§ REQUIRED ACTION
Look through the listing below and write out exactly the lines from the line with "view of front" to the line with "couple sitting under the stars", both included, and no others.

§ MATERIAL TO PROCESS
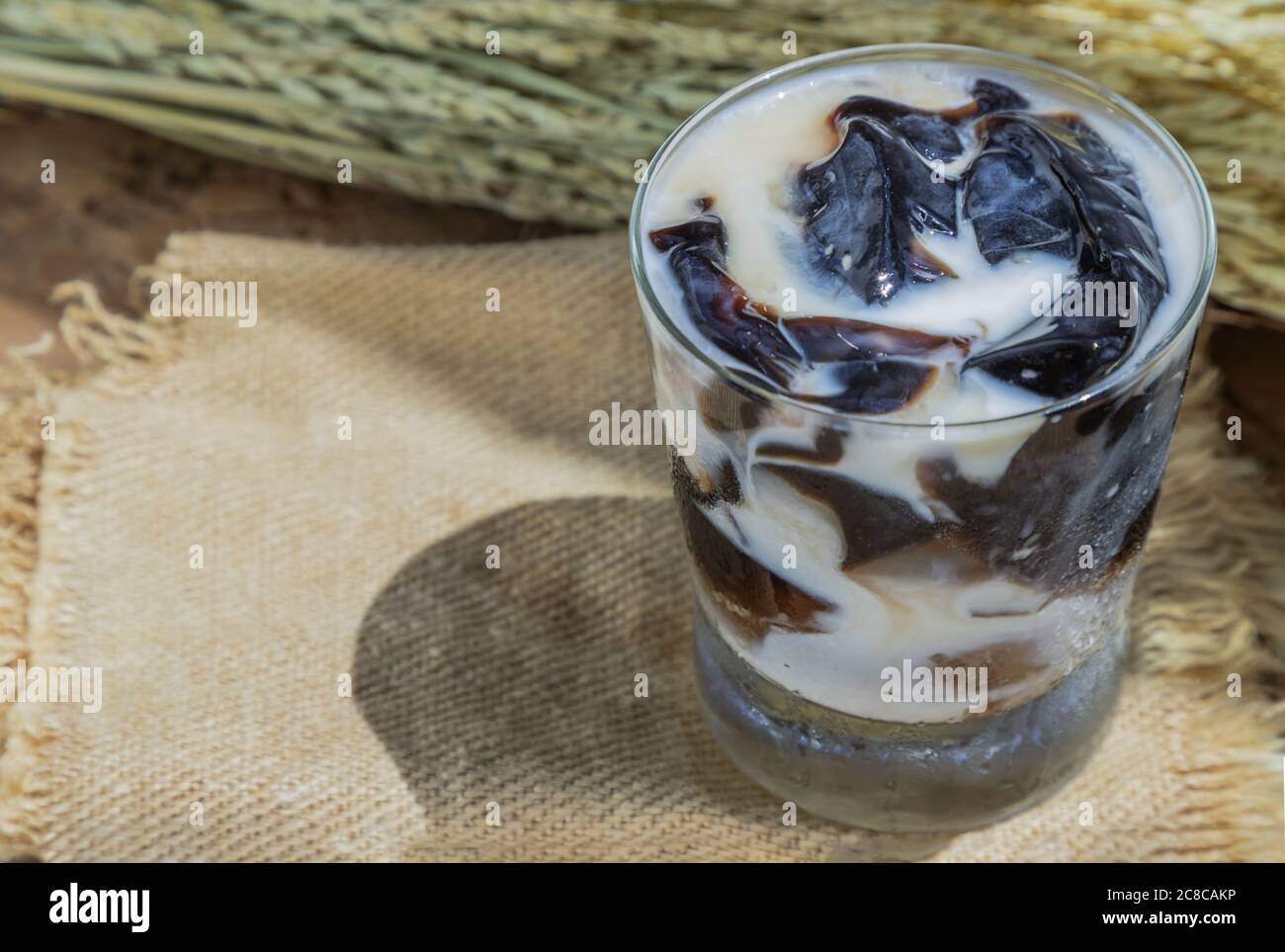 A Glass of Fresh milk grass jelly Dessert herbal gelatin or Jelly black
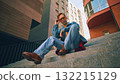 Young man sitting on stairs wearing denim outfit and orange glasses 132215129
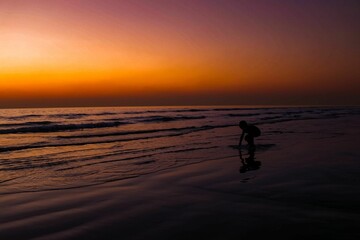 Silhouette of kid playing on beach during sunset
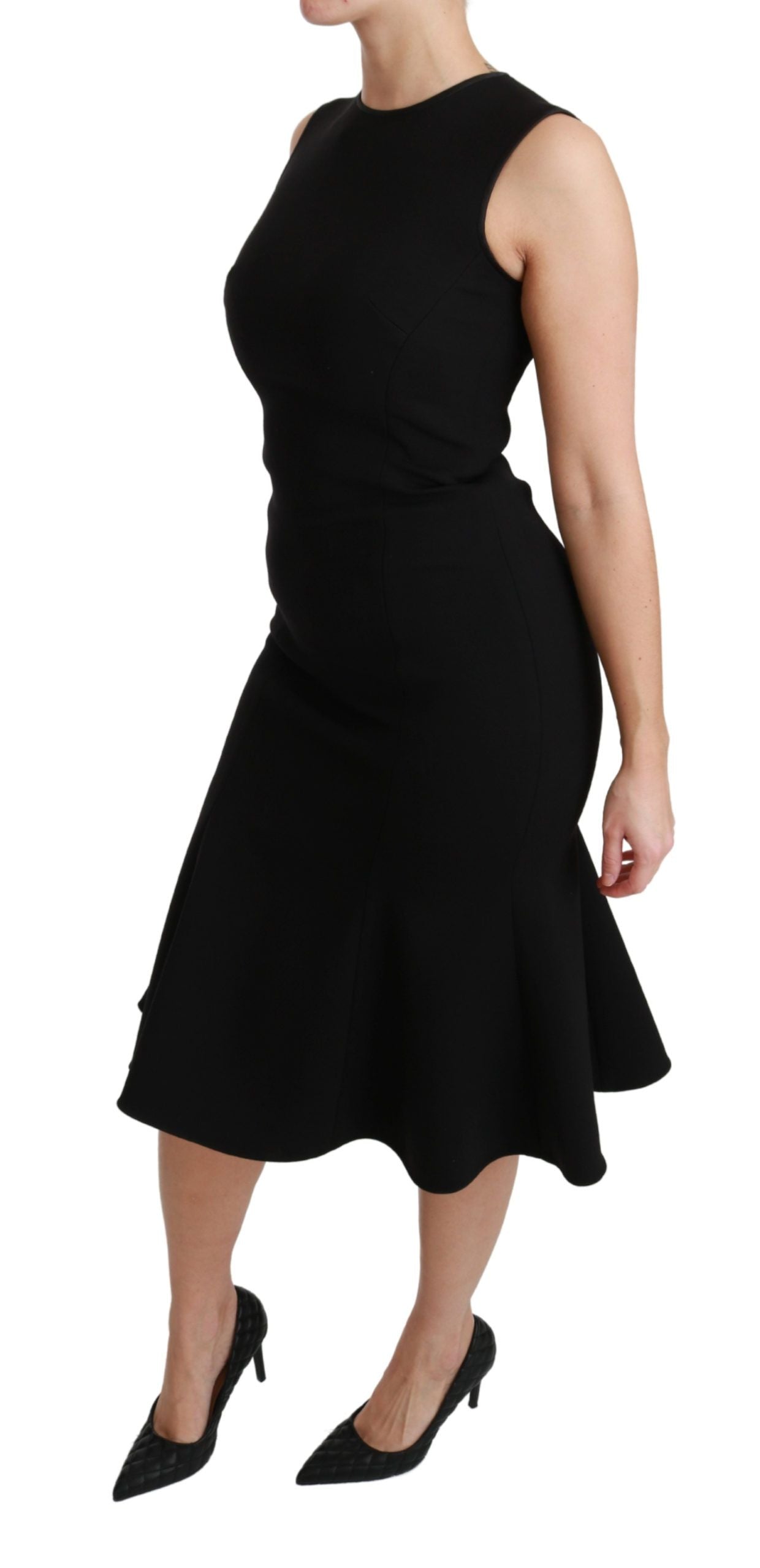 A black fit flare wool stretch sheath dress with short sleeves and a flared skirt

...

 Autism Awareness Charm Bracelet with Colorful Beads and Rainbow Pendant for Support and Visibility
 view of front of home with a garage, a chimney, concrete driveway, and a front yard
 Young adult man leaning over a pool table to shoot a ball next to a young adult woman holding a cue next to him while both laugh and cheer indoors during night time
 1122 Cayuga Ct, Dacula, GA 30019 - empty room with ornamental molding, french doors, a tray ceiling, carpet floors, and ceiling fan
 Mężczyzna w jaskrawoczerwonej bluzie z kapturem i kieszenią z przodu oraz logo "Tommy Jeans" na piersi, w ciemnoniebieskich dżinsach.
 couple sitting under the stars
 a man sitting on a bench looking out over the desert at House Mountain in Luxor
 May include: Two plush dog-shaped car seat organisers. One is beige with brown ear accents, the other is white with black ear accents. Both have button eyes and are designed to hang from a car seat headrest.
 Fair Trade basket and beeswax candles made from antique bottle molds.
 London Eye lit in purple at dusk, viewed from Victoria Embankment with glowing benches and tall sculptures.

---

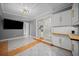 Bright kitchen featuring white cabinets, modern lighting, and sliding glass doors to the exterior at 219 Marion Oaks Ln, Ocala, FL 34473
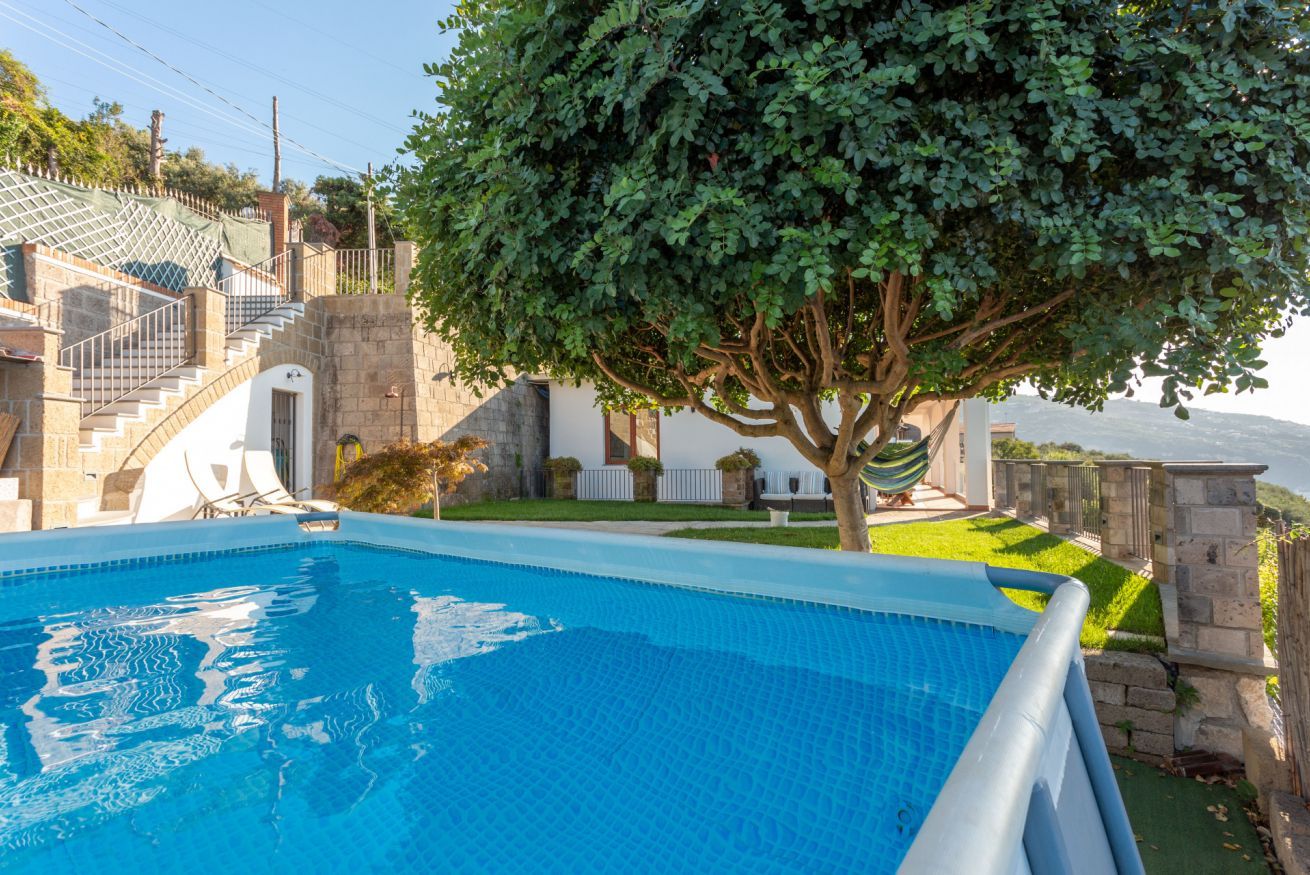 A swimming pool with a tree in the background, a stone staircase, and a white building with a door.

§ EXERCISE RESULT
 view of front of home with a garage, a chimney, concrete driveway, and a front yard
 Young adult man leaning over a pool table to shoot a ball next to a young adult woman holding a cue next to him while both laugh and cheer indoors during night time
 1122 Cayuga Ct, Dacula, GA 30019 - empty room with ornamental molding, french doors, a tray ceiling, carpet floors, and ceiling fan
 Mężczyzna w jaskrawoczerwonej bluzie z kapturem i kieszenią z przodu oraz logo "Tommy Jeans" na piersi, w ciemnoniebieskich dżinsach.
 couple sitting under the stars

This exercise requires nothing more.